Updated on 17 April 2020 due to a law change

The current situation we are facing with COVID-19 is extraordinary.  Many people will want to review their affairs and make Wills or update their old ones.

In normal circumstances it is always best to have your legal advisor prepare your Will, because they can talk to you about your specific circumstances, ask the right questions about things that you may not be aware you need to consider, and make sure that your wishes are correctly reflected before signing. 

They can also make sure that your Will is signed and witnessed in accordance with the law, so that it will be considered valid after your death. Wills are very important documents and there are, naturally, quite strict laws to help ensure that what is claimed to be a proper Will is in fact valid!

See your legal advisor to make or update your Will

If possible, you should see your legal advisor to make or update a Will.  Even though most people are confined to their homes during the alert level three and four responses to the COVID-19 pandemic, you can talk to your legal advisor via email, telephone and video call. 

The standard legal requirements for a Will

The standard legal requirements for a Will are that:

  • It must be in writing.

  • The will-maker must sign the Will, or direct someone else to sign on their behalf in their presence if they cannot sign personally.

  • At least two witnesses must be present when the will-maker signs, and they must also sign the Will document to acknowledge that they witnessed the will-maker (or the person signing on the will-maker’s behalf) sign the Will.

The Will should be dated at the time of signing, by the will-maker.

Witnessing a Will

Witnesses to the signing of a Will need to record that they witnessed the Will being signed by the will-maker, or by another person directed to sign on the will-maker’s behalf, in their presence.  As well as signing their names they should also record their occupation and where they live.  There is no particular wording required to do so. 

If a Will is more than one page long then the will-maker and witnesses should sign their initials on each page and complete their signatures on the last page.  This is to make it clear that every page of the document has been read, and to reduce the chance of later alterations by adding or substituting a page. 

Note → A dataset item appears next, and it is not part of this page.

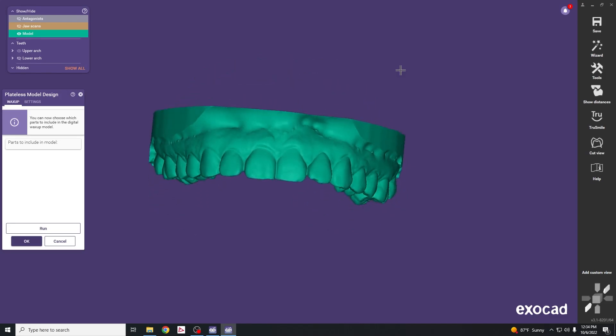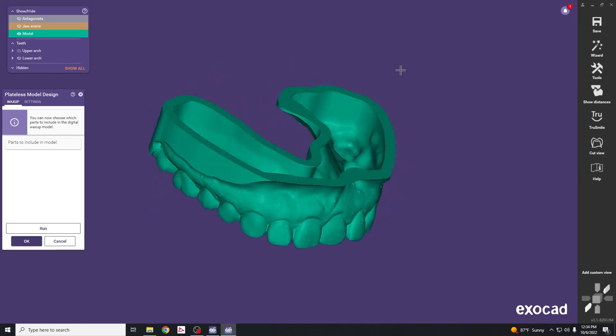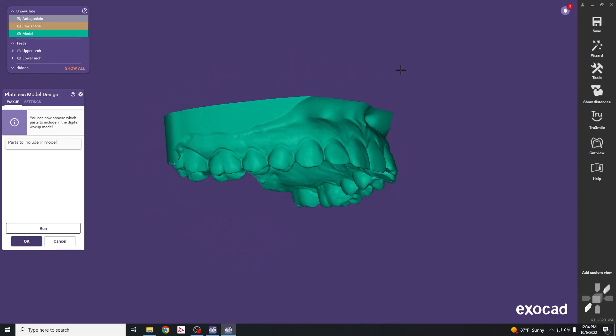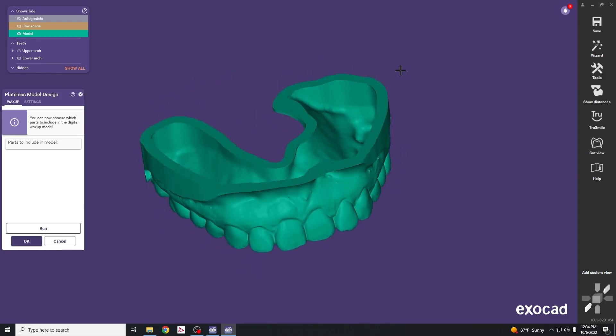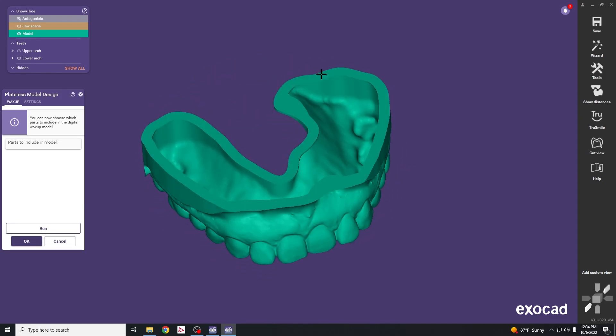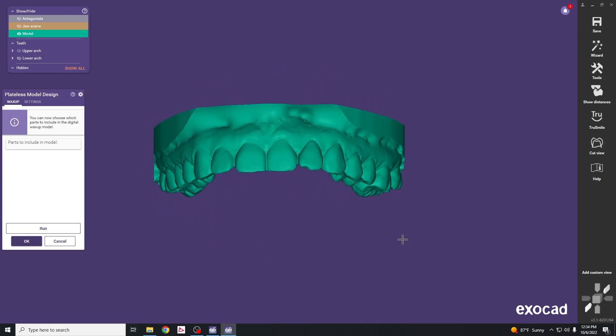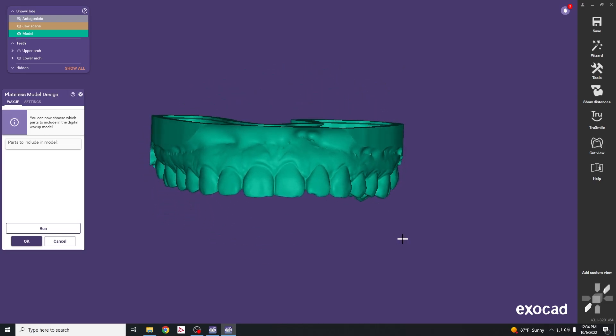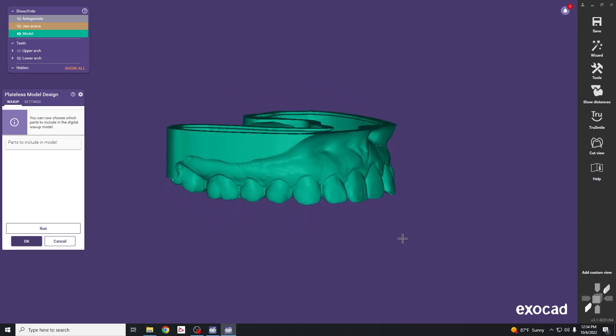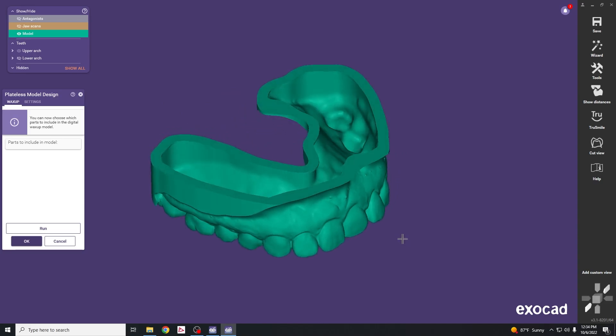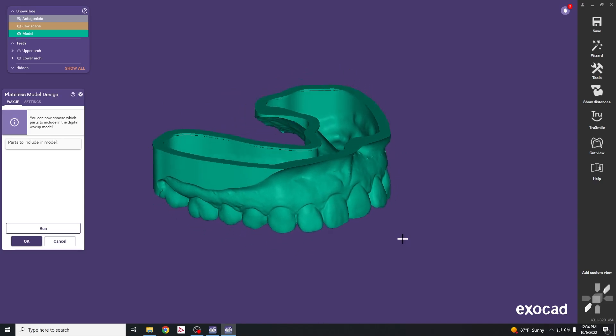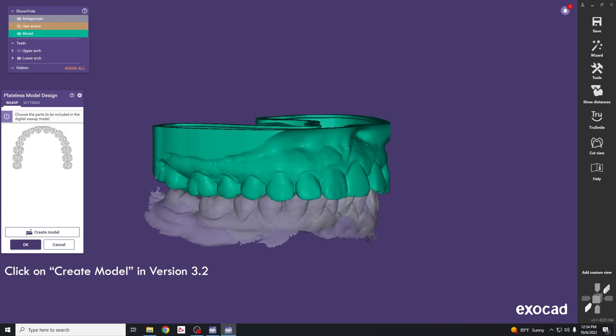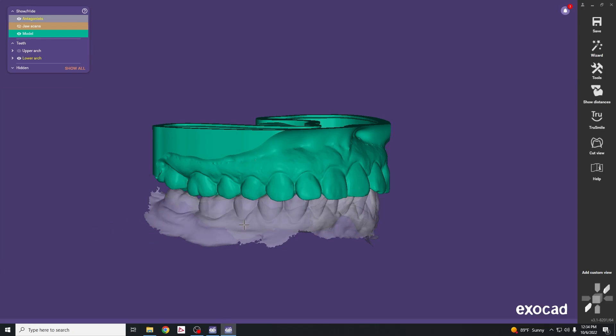Now that this has completed, you can see it has a nice platform attached with a flat side that allows for us to print. This also allows us to mount these models on an articulator if we choose. Hit OK to save the model.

However in an emergency you may not have people physically present with you who can be witnesses to you signing your Will. 

Changes due to the COVID-19 Pandemic

A major problem arising at the moment while we are required to “stick to our bubbles” and adhere to an alert level four or alert level three directive is that most will-makers and their witnesses cannot be physically present together and so cannot meet the usual requirements for a validly executed Will.

The law has today (17 April 2020) been updated to amend the way Wills can be signed and witnessed, for the duration of the Epidemic Preparedness (COVID-19) Notice 2020.  The changes allow for signing and witnessing via audio-visual link, and the use of scanned or photographed copies rather than one single document. 

Once the Epidemic Notice expires you may wish to consider having a single document Will executed in the normal manner.

Why is this necessary?

A document that does not meet the legal requirements for a Will is not a valid Will.  The wishes contained in that document will have no legal effect and cannot be carried out after death. 

This is a brand new and unprecedented change to the law, and provides a realistic solution for an otherwise very serious problem. 

We urge anybody who wants to make or update a Will to contact their legal advisor to discuss the new law and how it might be used to assist in their circumstances. 

Many legal advisors are working from home and able to support their clients remotely.  It is extremely important to take legal advice to ensure that the proper execution process for a Will is followed.